> Task instructions:
Will you write out, word for word, every line from the one with "3 Bamboo Cr, Mount Louisa QLD 4814" to the final line of the data below, with the pictures left out?
= = =
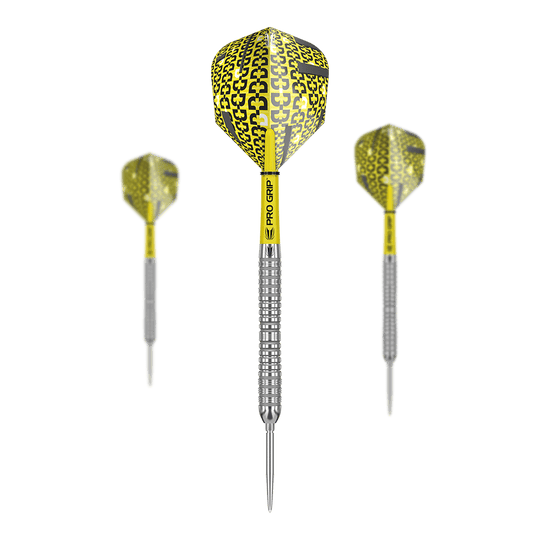 Dardos de acero Target Bolide 04 Swiss Point Das Bild zeigt drei Steeldarts des Modells "Target Bolide 04 Swiss Point" mit gelb-schwarzen Flights. Die Darts haben einen silbernen, geriffelten Schaft und gelbe "Pro Grip" Stiele.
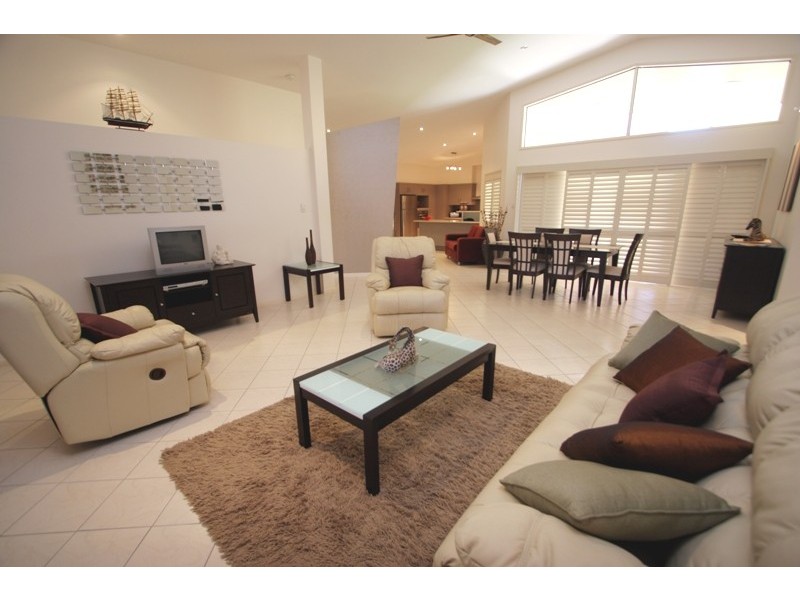 3 Bamboo Cr, Mount Louisa QLD 4814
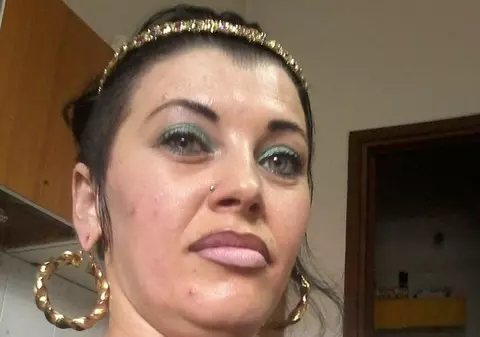 Femeia care a umilit o bătrână în Italia şochează din nou! Le-a arătat tuturor că fiica ei e VIRGINĂ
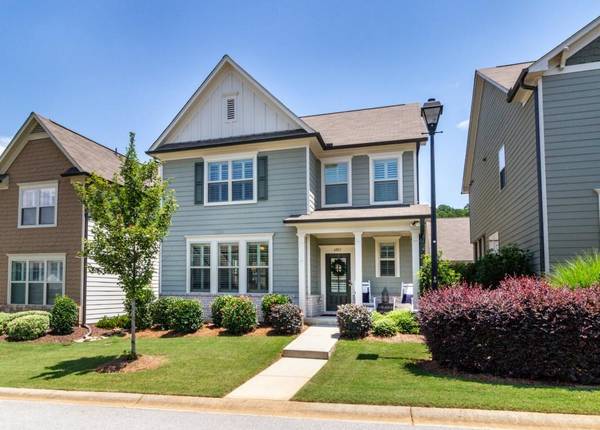 6013 Harbour Mist DR, Flowery Branch, GA 30542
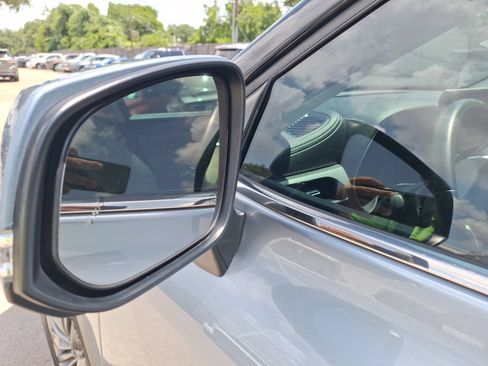 Used 2021 Toyota Highlander Platinum FWD image 14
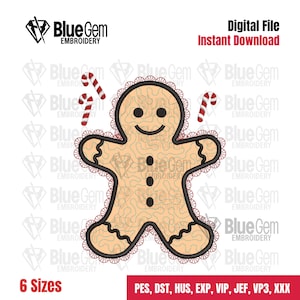 Puede incluir: Un diseño de bordado digital que muestra una figura de pan de jengibre color canela con un contorno marrón oscuro, tres botones negros y una cara sonriente. La figura está rodeada por tres bastones de caramelo a rayas rojas y blancas y un borde de encaje rojo.
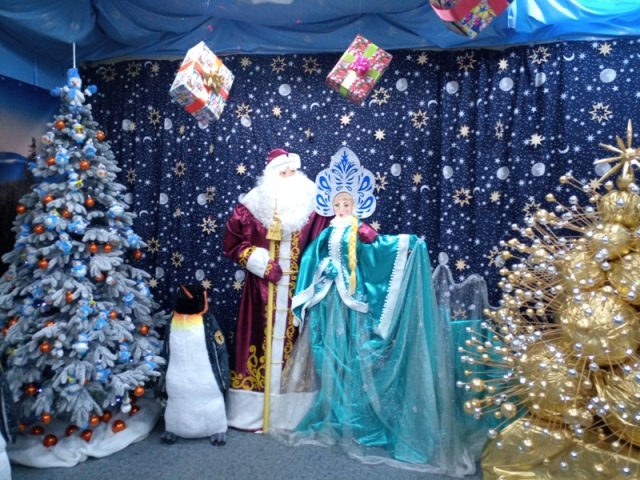 Харьковчане прикоснулись к чуду в мастерской купянского Деда Мороза (фото, видео)
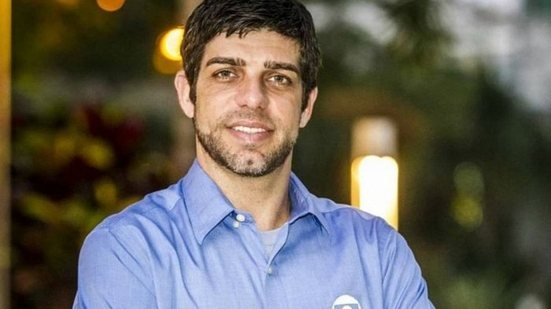 Imagem Após declaração polêmica, Juninho Pernambucano pede demissão da Globo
= = =
> Result for this exercise:
 3 Bamboo Cr, Mount Louisa QLD 4814
 Femeia care a umilit o bătrână în Italia şochează din nou! Le-a arătat tuturor că fiica ei e VIRGINĂ
 6013 Harbour Mist DR, Flowery Branch, GA 30542
 Used 2021 Toyota Highlander Platinum FWD image 14
 Puede incluir: Un diseño de bordado digital que muestra una figura de pan de jengibre color canela con un contorno marrón oscuro, tres botones negros y una cara sonriente. La figura está rodeada por tres bastones de caramelo a rayas rojas y blancas y un borde de encaje rojo.
 Харьковчане прикоснулись к чуду в мастерской купянского Деда Мороза (фото, видео)
 Imagem Após declaração polêmica, Juninho Pernambucano pede demissão da Globo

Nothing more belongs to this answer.